I wasn’t super freaked by what was going on but the other guys praying certainly were. And they had reason to because while T was in the grip of whatever had hold of him, he started talking back to those praying for him, calling them weak, calling them sinners, accusing them of not knowing what they were doing. He even turned to one of the guys who was praying and said he was going to leave T and enter him instead.
Now here’s the bit I don’t understand. He spoke specifically to three of the people praying for him, but he didn’t say anything to me. I suppose one reason could be that because I wasn’t buying it, I wasn’t a threat to it. I mean I was praying, but it was a weak prayer along the lines of, “Lord, if this thing is real, help T and help my friends who are praying for him.” I didn’t have any of myself invested in that prayer whereas the other three guys were verbally praying their guts out, trying to drive this thing from T. Why should it have paid any attention to me.
And see, this is part of why I have such a hard time with this whole spirituality thing – because it reads like a bad fantasy novel. And I don’t like the fantasy genre (I was bored through most of the LOTR trilogy, especially the first one).
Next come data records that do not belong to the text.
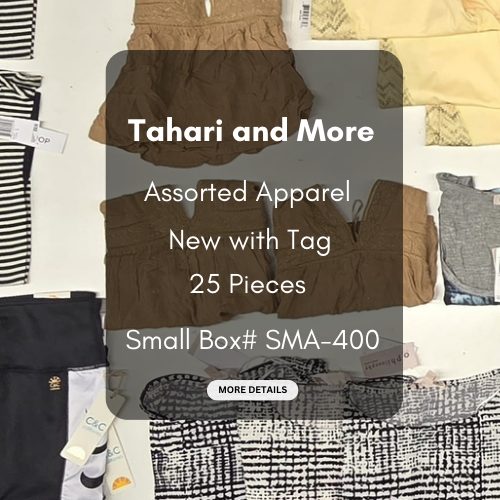Tahari and more | Assorted  Apparel | 25 Pieces | New with Tag |Small box #SMA-400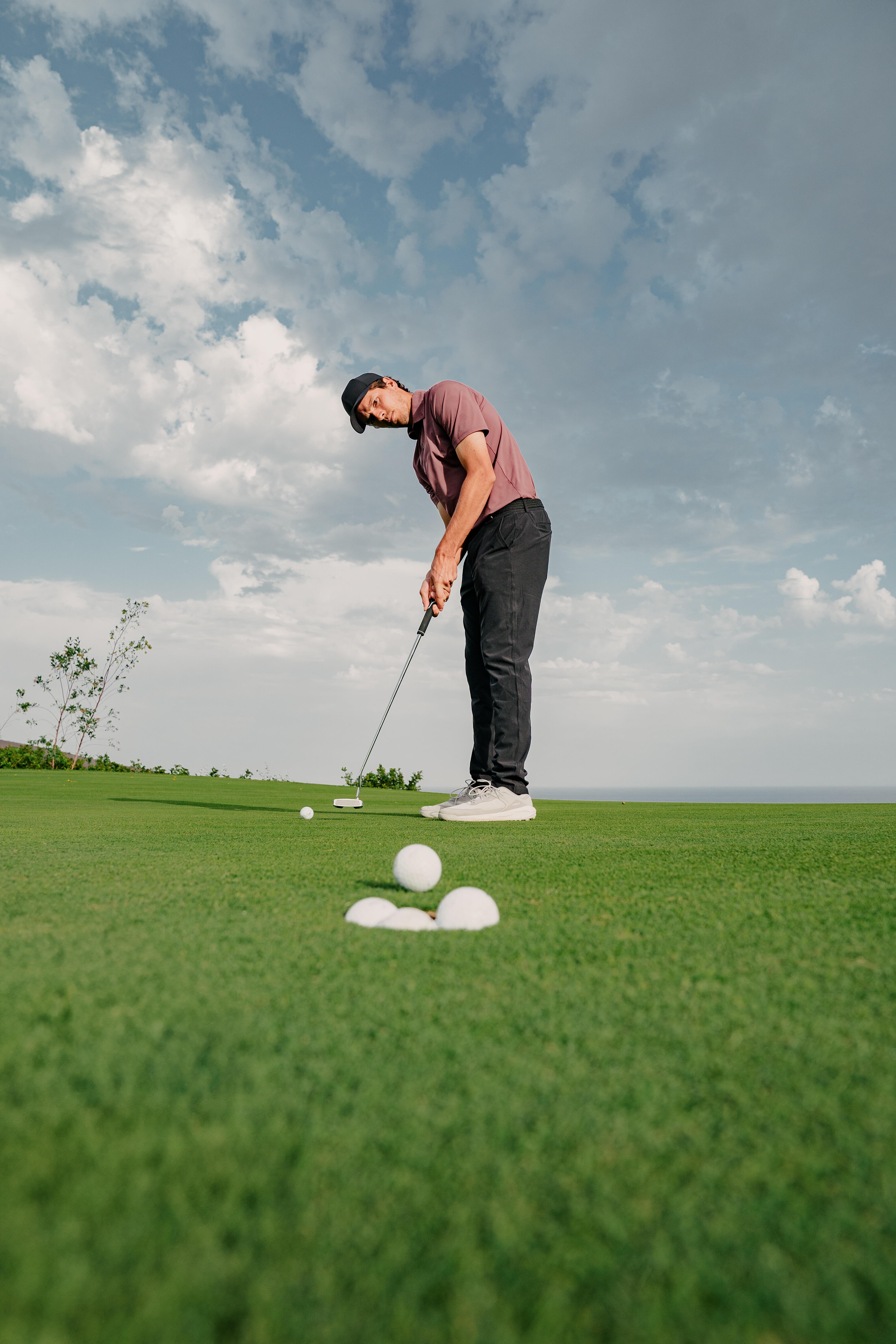 Men’s Synthetic and Breathable Short-Sleeved Golf Polo, WW 900 - INESIS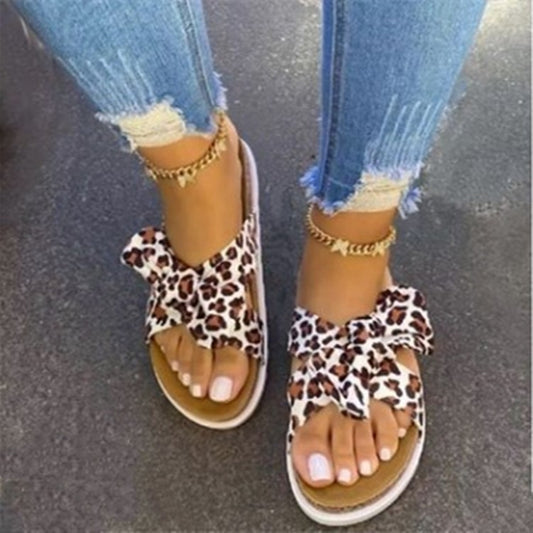 Summer Thick Soled Beach Bowknot Slippers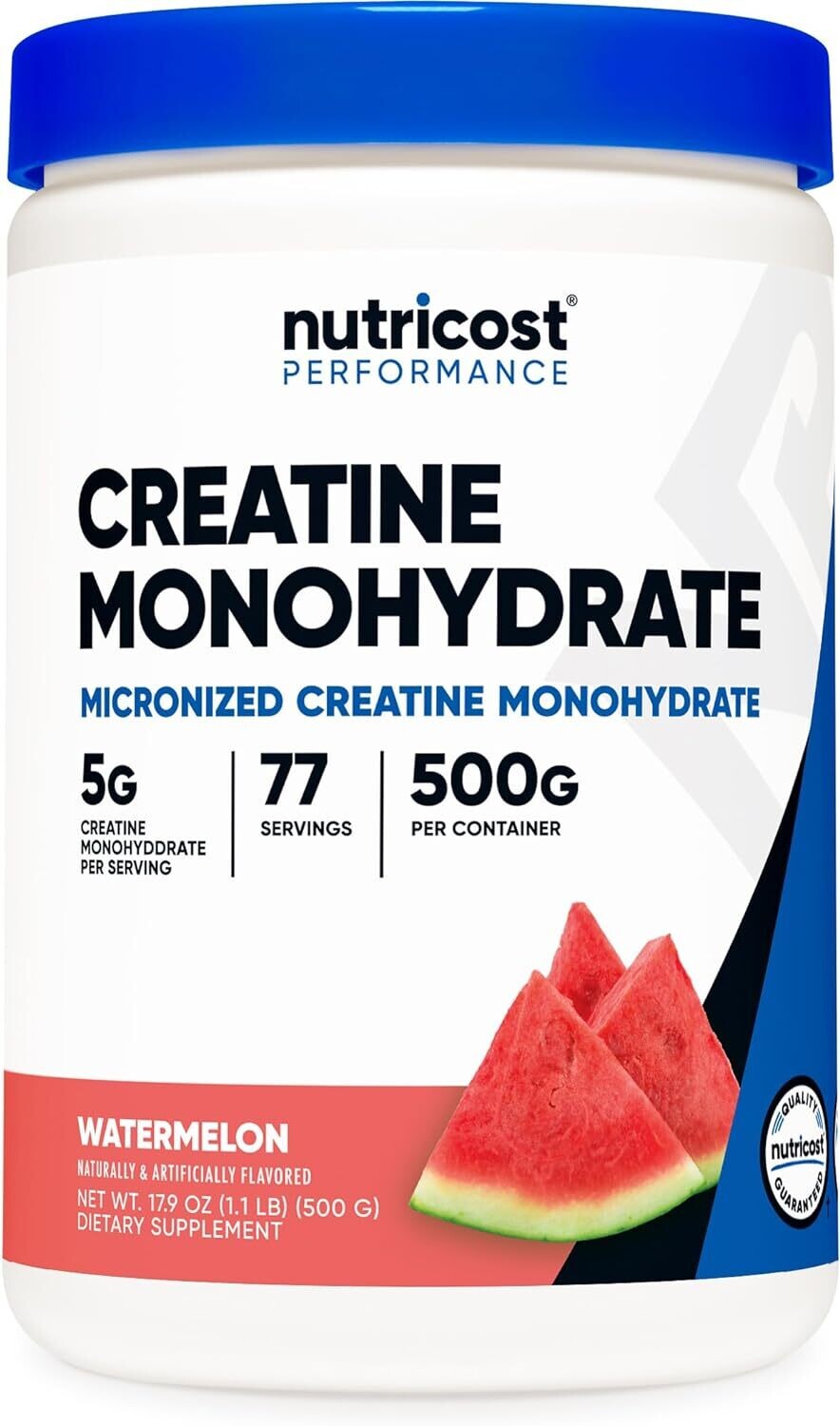 Creatina Nutricost 77 servicios de Sabor Melon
But at the same time it troubles me because I feel like I’m dissing T by not
believing in this manifestation and by extension, I’m dissing the other guys who were praying because they certainly believed it was serious and real. Not only that, but what if it was real and what if I really was such a non-threat to whatever it was that it didn’t even bother to acknowledge me. Now I don’t mean to say that I wish it had spoken to me, I’m glad it didn’t, but if it didn’t because it didn’t give a shit about me, well that makes me a pretty pathetic Christian doesn’t it?
Bottom line? I don’t know what I saw.